[Start of section]
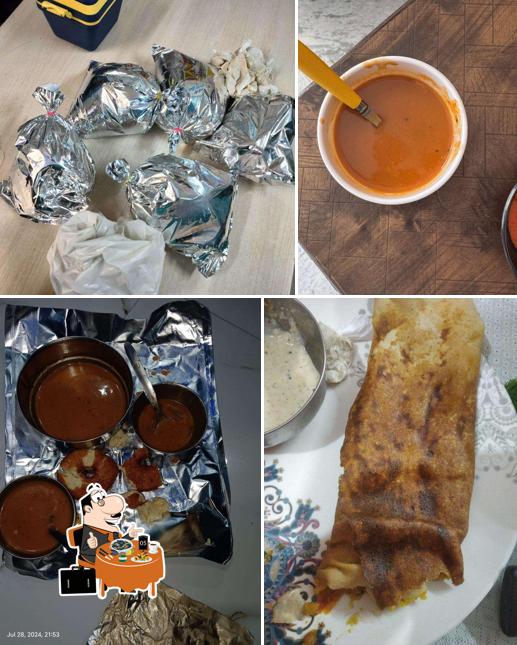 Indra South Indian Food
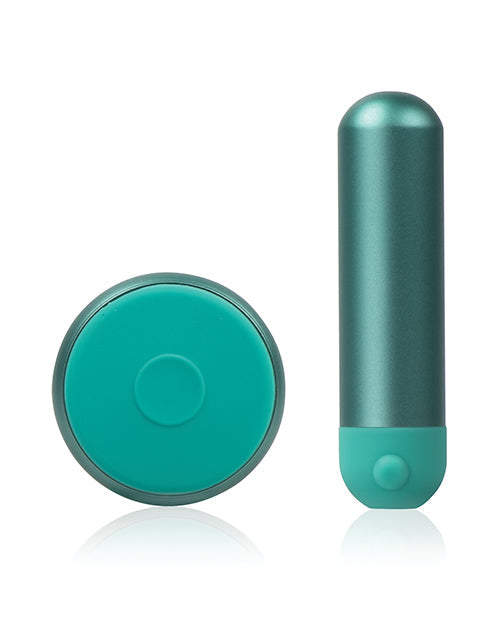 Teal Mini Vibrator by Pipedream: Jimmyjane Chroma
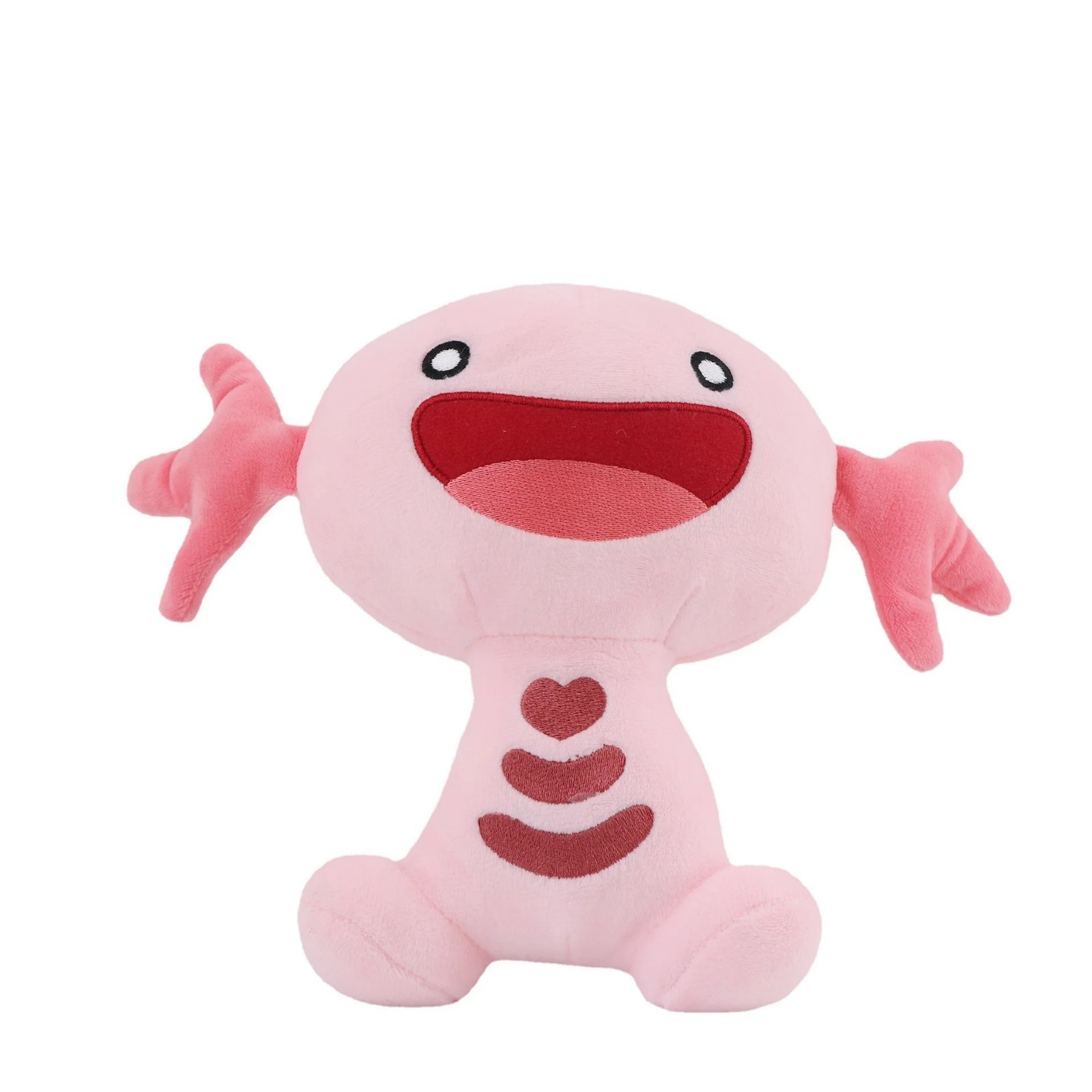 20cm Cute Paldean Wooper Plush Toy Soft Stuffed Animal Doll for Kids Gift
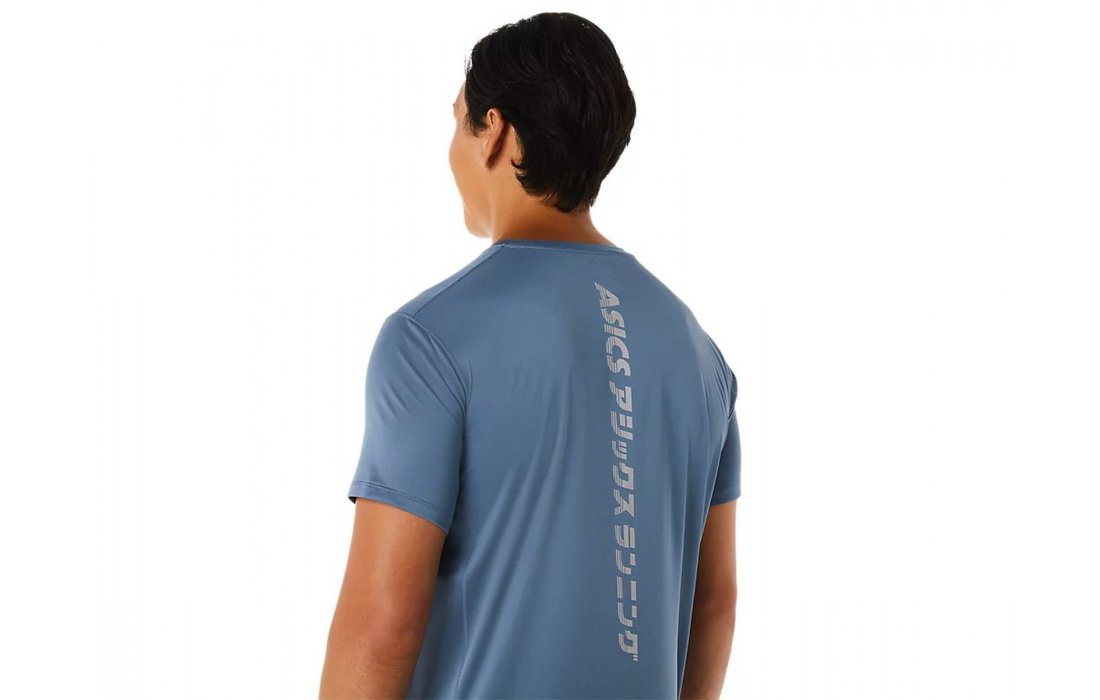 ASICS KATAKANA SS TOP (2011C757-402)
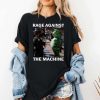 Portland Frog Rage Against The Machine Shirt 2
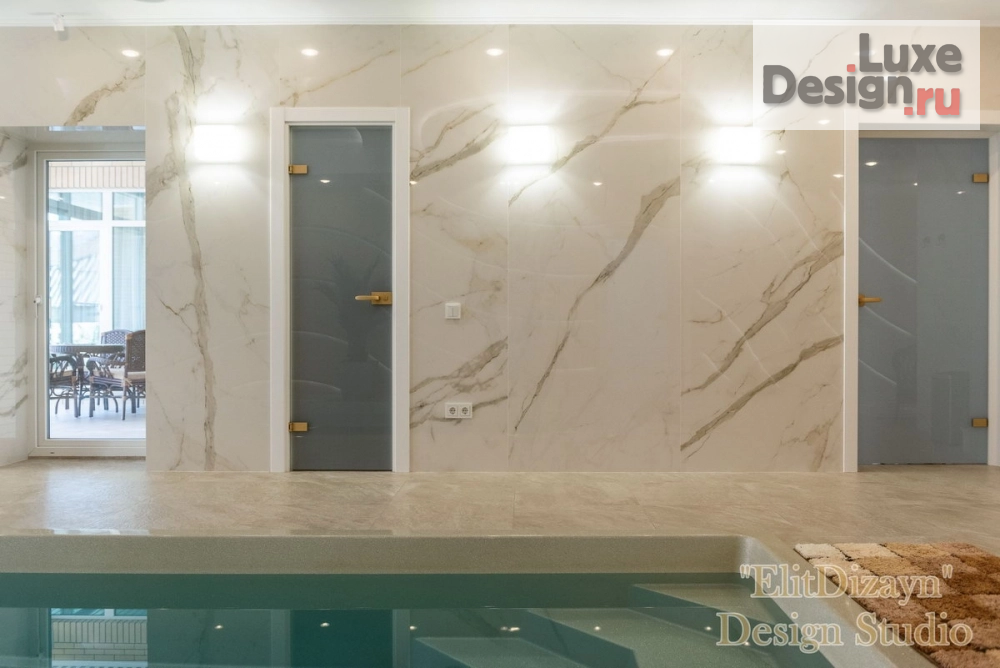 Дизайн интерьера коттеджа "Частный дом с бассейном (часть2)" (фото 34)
[End of section]
[Start of section]
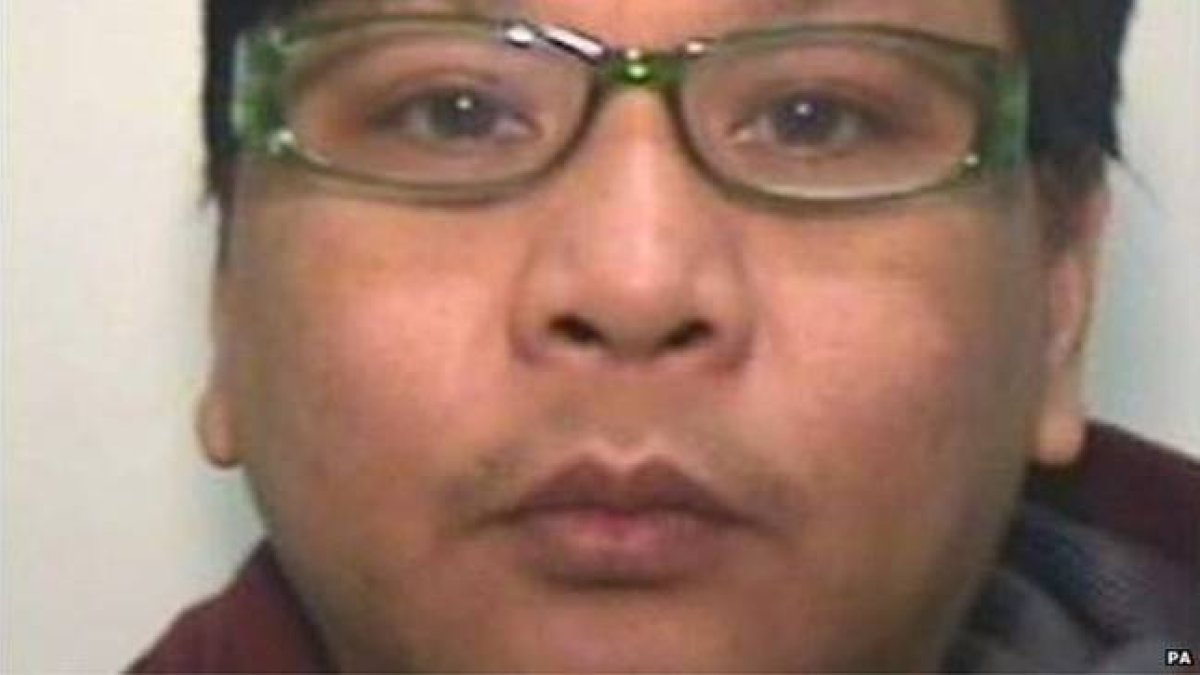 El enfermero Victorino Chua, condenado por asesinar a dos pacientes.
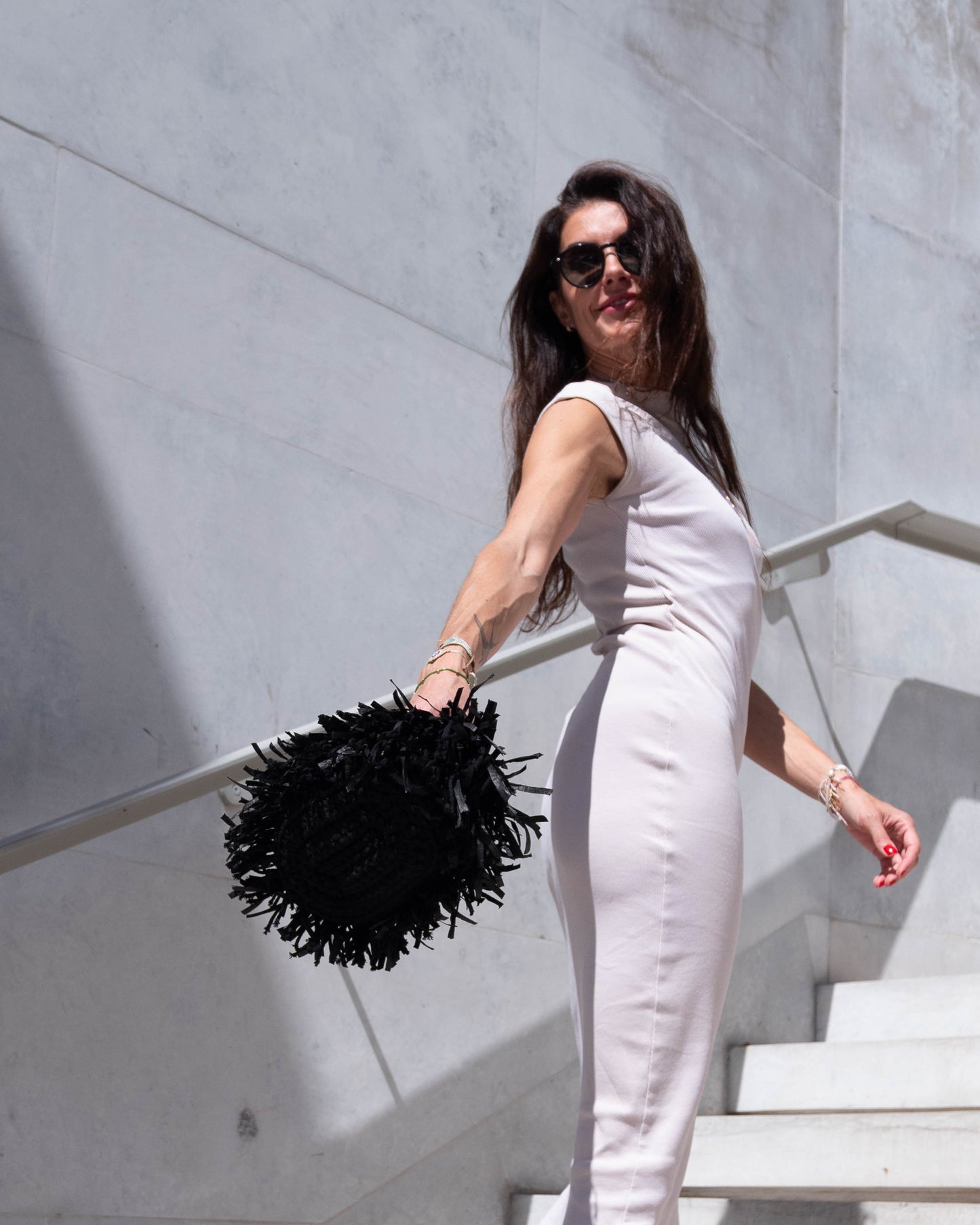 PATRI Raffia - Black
[End of section]
Repeat exactly the lines above, from the line that contains "Indra South Indian Food" down through the line that contains "Дизайн интерьера коттеджа". Include both of those lines and none of the pictures.

§ TASK RESPONSE:
 Indra South Indian Food
 Teal Mini Vibrator by Pipedream: Jimmyjane Chroma
 20cm Cute Paldean Wooper Plush Toy Soft Stuffed Animal Doll for Kids Gift
 ASICS KATAKANA SS TOP (2011C757-402)
 Portland Frog Rage Against The Machine Shirt 2
 Дизайн интерьера коттеджа "Частный дом с бассейном (часть2)" (фото 34)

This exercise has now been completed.